Exercise aim: Would you repeat the listing exactly but omit every picture?

Data below:
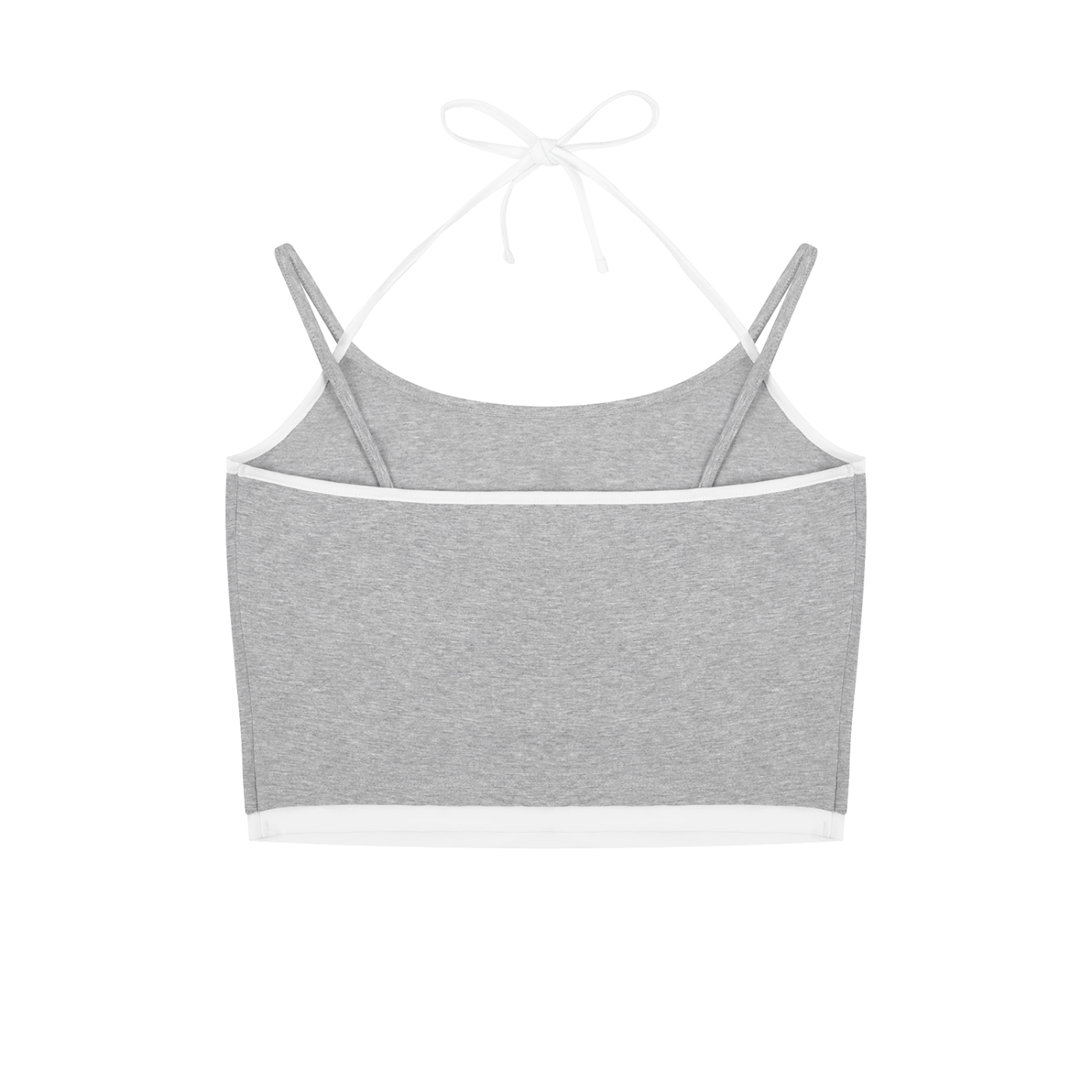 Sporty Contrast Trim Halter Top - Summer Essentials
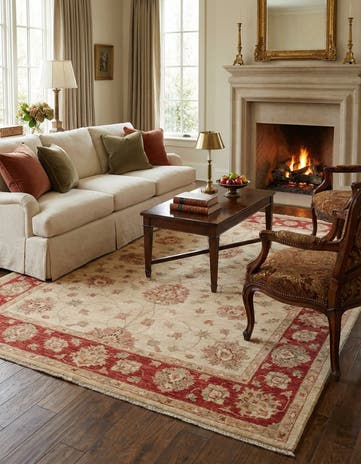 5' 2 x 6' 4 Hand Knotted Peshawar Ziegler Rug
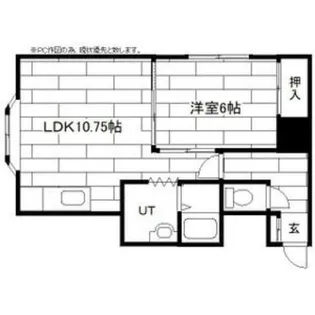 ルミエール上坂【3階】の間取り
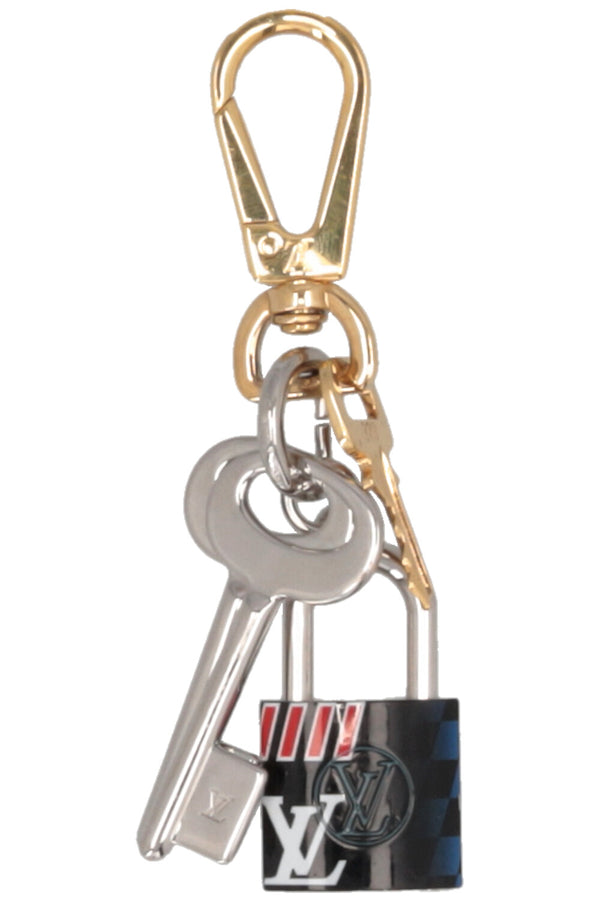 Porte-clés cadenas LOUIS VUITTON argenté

Task answer:
 Sporty Contrast Trim Halter Top - Summer Essentials
 5' 2 x 6' 4 Hand Knotted Peshawar Ziegler Rug
 ルミエール上坂【3階】の間取り
 Porte-clés cadenas LOUIS VUITTON argenté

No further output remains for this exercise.